Set down again, exactly and only, the lines from the one that contains "Camera Case for" through the last line of the records below, both included, but not the pictures.

■ **INPUT DATA**

_ _ _ _ _

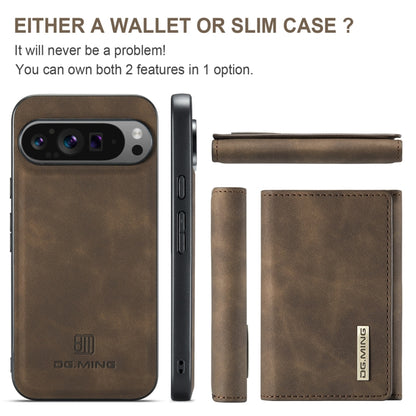 For Google Pixel 9 Pro XL DG.MING M1 Series 3-Fold Multi Card Wallet + Magnetic Phone Case(Coffee) by DG.MING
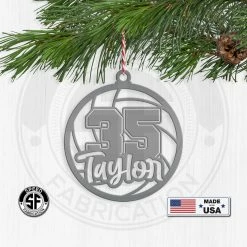 Speed Fabrication Christmas Metal Signs Personalized Volleyball And Number Metal Christmas/Holiday Ornament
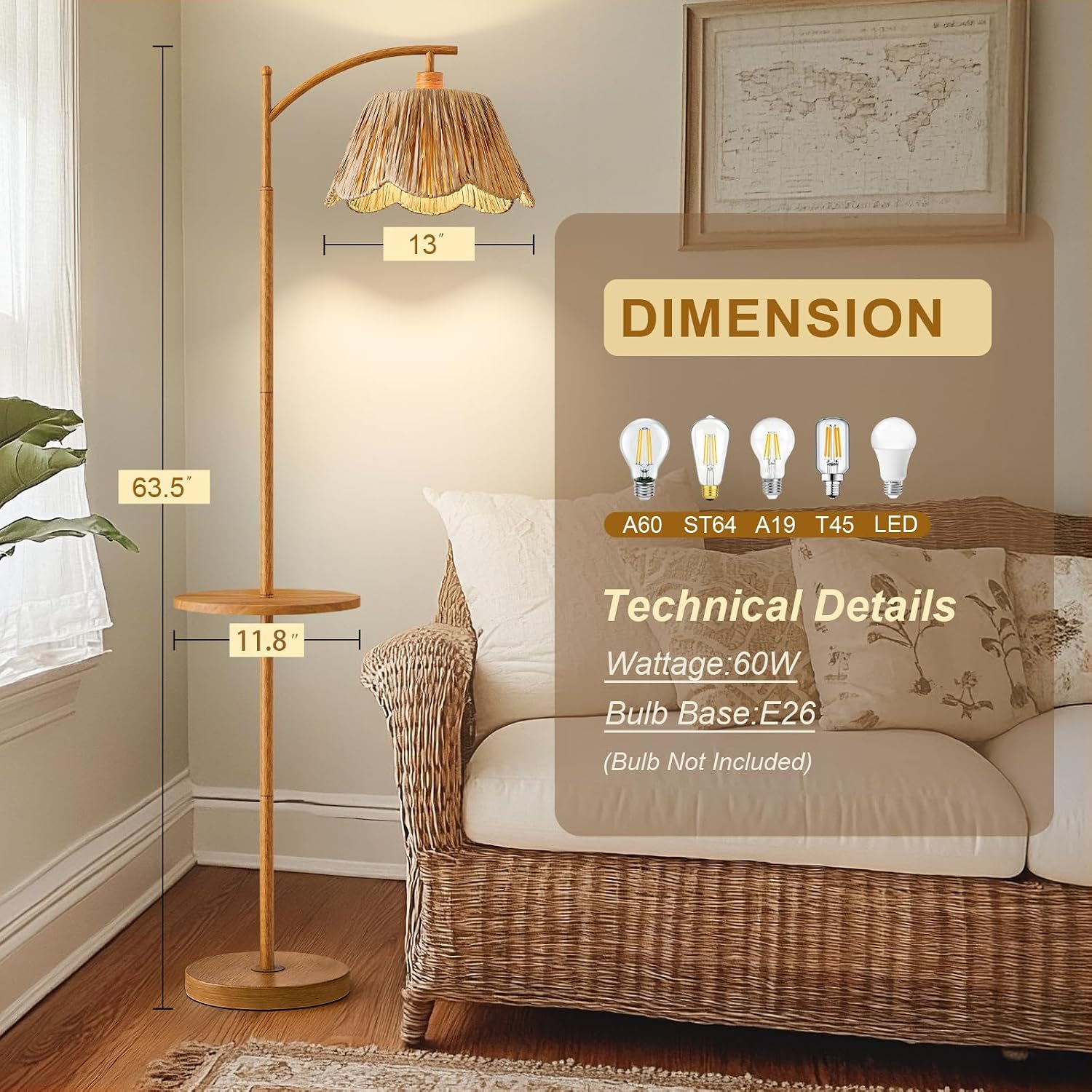 Oneach 63.5' Floor Lamp with Table for Living Room, Boho Rattan Standing Lamps with Foot Switch, Farmhouse Floor Lamp for Bedroom, Arc Tall Lamp with Metal Base&Pole, Bulb not Included, Woodgrain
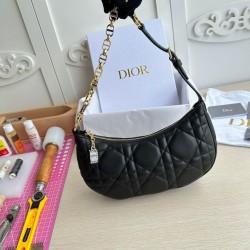 Borsa a tracolla Dior CD Lounge Pelle di agnello macrocannage nera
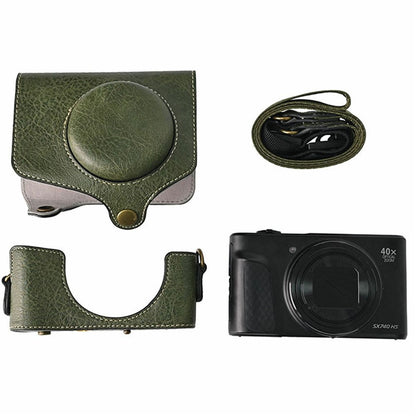 Camera Case for Canon SX740 HS Vintage Litchi Texture PU Leather Full Coverage Protective Cover with Shoulder Strap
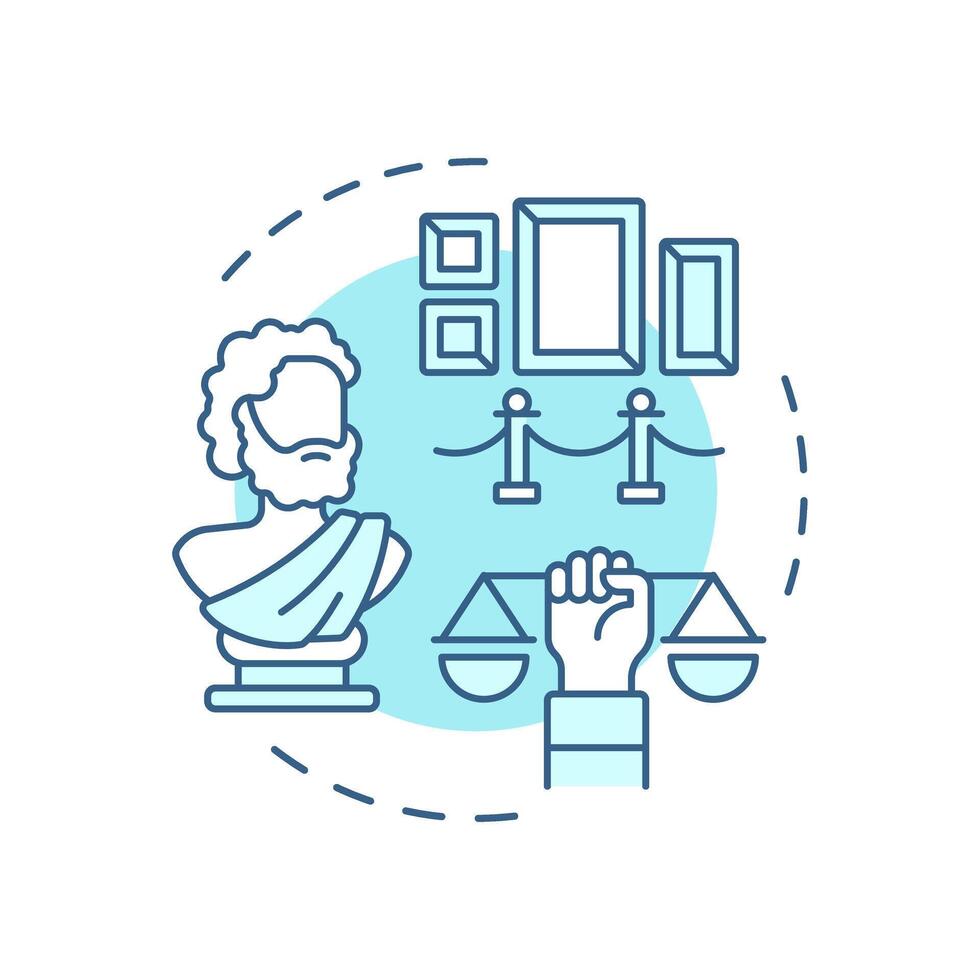 Cultural life participation soft blue concept icon. Art gallery, public sculpture. Round shape line illustration. Abstract idea. Graphic design. Easy to use in infographic, presentation vector
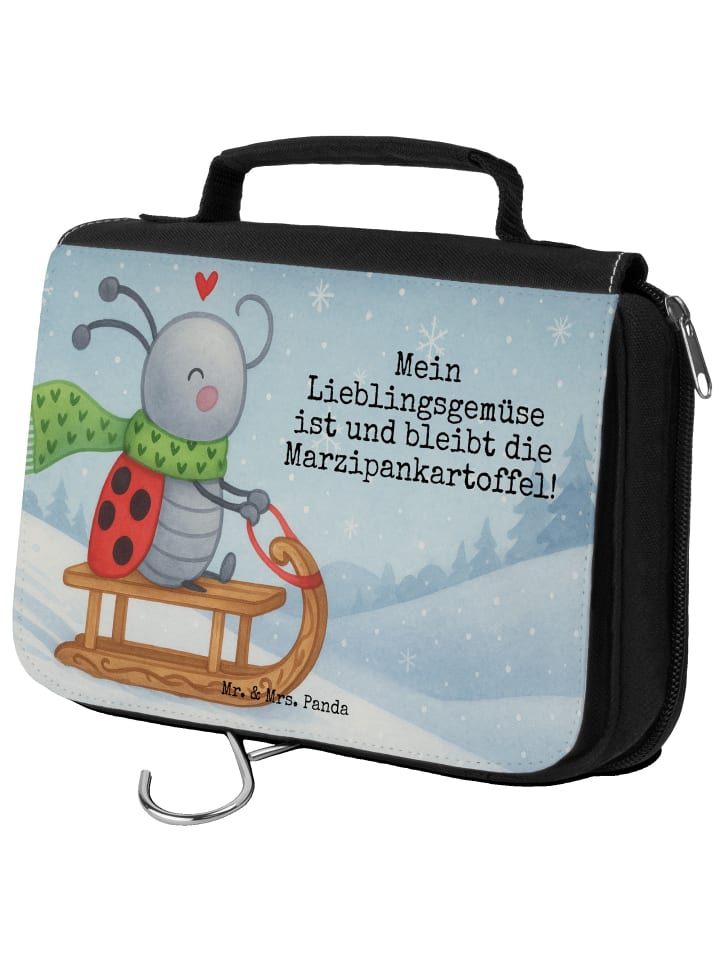 Kosmetiktasche Smörle Rodeln Design mit Spruch in Weiß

_ _ _ _ _

■ **EXERCISE RESULT**
 Camera Case for Canon SX740 HS Vintage Litchi Texture PU Leather Full Coverage Protective Cover with Shoulder Strap
 Cultural life participation soft blue concept icon. Art gallery, public sculpture. Round shape line illustration. Abstract idea. Graphic design. Easy to use in infographic, presentation vector
 Kosmetiktasche Smörle Rodeln Design mit Spruch in Weiß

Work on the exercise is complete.